You Can Buy Fresh Produce On A Budget
I did a whole post about this, but as a reminder, you can eat healthy on a budget. You just can’t be picky about what produce you choose. Eat what’s on sale. Lately, our Kroger has had fresh pineapples for $.99 each and grapes for $.99 a pound. I had to take fruit to the my daughter’s Halloween party last week. Guess what I took? For $3, we fed fresh fruit to a class of 17. If I’d bought a pre-made fruit tray for the class, it would have probably been $20.
Maybe We Need a Milk Cow
My daughter goes through milk like water, and I only have one kid. I can’t imagine having a whole brood of them. We’d have to get a milk cow.
Probably besides produce, milk is the most expensive thing we buy. I almost always buy organic. Maybe that’s overkill, but that’s what we choose to do. I also like almond milk for myself, and it isn’t cheap.

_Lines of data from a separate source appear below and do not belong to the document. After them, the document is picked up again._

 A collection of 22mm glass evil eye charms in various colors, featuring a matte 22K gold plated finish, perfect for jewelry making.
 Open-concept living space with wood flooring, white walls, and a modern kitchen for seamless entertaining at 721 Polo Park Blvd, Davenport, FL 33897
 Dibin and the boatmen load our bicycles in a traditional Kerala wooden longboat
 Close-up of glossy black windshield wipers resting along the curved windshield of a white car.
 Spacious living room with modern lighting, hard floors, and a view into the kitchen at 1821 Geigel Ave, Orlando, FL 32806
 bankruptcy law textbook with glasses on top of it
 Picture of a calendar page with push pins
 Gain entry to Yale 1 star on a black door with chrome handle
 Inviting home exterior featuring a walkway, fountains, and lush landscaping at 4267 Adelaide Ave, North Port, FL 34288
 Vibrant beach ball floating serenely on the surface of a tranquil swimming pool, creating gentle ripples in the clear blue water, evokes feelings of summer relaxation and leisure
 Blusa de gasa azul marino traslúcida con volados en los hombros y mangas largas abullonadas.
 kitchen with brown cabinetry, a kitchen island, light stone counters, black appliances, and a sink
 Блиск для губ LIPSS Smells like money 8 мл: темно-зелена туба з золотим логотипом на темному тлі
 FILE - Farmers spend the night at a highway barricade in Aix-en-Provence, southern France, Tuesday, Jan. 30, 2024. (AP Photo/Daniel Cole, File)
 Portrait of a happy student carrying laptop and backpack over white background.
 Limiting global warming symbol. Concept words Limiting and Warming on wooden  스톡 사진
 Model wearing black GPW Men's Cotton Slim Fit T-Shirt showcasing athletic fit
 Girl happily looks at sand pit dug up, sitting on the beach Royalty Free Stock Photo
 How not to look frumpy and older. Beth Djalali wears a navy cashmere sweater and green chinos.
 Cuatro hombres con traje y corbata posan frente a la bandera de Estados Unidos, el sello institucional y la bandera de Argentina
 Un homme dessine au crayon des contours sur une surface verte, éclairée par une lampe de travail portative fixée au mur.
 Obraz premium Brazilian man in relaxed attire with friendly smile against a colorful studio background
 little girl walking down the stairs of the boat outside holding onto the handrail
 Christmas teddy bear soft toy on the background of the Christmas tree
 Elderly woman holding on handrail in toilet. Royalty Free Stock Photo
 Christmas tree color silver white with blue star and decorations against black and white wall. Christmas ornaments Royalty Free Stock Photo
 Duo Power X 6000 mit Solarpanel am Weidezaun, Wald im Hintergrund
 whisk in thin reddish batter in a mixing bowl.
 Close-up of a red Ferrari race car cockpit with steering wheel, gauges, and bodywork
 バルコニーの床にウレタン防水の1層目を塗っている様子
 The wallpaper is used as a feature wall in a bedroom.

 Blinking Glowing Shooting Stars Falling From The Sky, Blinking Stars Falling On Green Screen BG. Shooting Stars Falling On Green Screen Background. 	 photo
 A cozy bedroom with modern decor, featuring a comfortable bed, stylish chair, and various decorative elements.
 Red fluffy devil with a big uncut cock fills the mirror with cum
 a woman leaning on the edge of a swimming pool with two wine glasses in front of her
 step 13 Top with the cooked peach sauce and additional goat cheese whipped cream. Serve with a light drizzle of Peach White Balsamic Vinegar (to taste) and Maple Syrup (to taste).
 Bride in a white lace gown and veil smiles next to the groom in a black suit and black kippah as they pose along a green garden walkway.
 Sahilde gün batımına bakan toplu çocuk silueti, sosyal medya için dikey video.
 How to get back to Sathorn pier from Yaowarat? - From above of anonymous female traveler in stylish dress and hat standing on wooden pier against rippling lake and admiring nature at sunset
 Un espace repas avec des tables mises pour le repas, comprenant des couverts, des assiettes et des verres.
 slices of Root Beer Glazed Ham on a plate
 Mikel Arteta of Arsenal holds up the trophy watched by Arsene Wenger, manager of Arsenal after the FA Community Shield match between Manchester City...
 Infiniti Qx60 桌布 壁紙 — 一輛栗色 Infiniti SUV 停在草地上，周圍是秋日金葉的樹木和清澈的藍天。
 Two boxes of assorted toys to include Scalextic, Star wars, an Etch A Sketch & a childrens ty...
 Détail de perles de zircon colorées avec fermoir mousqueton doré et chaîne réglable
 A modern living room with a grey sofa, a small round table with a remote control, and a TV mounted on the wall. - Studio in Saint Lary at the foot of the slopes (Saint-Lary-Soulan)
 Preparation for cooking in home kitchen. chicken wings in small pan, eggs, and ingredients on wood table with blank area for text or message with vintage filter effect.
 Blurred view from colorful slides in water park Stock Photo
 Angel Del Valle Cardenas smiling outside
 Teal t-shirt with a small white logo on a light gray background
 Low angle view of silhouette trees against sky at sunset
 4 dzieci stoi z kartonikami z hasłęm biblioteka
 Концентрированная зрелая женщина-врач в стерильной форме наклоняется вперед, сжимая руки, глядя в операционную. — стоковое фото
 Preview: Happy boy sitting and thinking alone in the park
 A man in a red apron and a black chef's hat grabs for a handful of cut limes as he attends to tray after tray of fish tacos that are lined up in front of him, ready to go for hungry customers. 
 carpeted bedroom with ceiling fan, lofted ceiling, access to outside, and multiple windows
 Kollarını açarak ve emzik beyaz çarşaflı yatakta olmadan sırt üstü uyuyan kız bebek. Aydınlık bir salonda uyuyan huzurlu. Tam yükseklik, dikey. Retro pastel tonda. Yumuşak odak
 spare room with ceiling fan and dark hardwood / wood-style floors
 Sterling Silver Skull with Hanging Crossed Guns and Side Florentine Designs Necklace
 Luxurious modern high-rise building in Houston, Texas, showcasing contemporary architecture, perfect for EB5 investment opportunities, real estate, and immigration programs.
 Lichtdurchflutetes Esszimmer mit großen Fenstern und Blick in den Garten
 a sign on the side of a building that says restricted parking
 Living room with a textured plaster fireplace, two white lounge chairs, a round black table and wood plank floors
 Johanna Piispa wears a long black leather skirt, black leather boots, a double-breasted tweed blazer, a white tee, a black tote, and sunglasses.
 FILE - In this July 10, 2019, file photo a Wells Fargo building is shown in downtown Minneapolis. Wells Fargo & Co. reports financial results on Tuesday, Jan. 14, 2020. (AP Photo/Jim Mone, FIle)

We are not brand loyal and buy whatever kind costs the least, but even with that strategy and with coupons, milk is still expensive. The way to afford organic and specialty milk is to cut out crap from other areas of the budget. By not buying soda and snacks all the time and making more food from ingredients instead of buying processed stuff, we feel OK about spending more for organic.
Nutrition is Most Important
While I’m all about saving money, I won’t sacrifice nutrition for cost. I strongly believe it’s possible to buy nutritious food in affordable ways,but we’ll probably never get our grocery spending much lower than it has been this month. I refuse to make our dinners into cheap, starchy meals. We could have much more rice, potatoes, and cheap pasta to save money, but I will probably always buy better cuts of meat, (on sale of course!), fresh produce, and go organic when it makes sense.
How was your grocery spending last month? Are there things you won’t cut out of your grocery budget?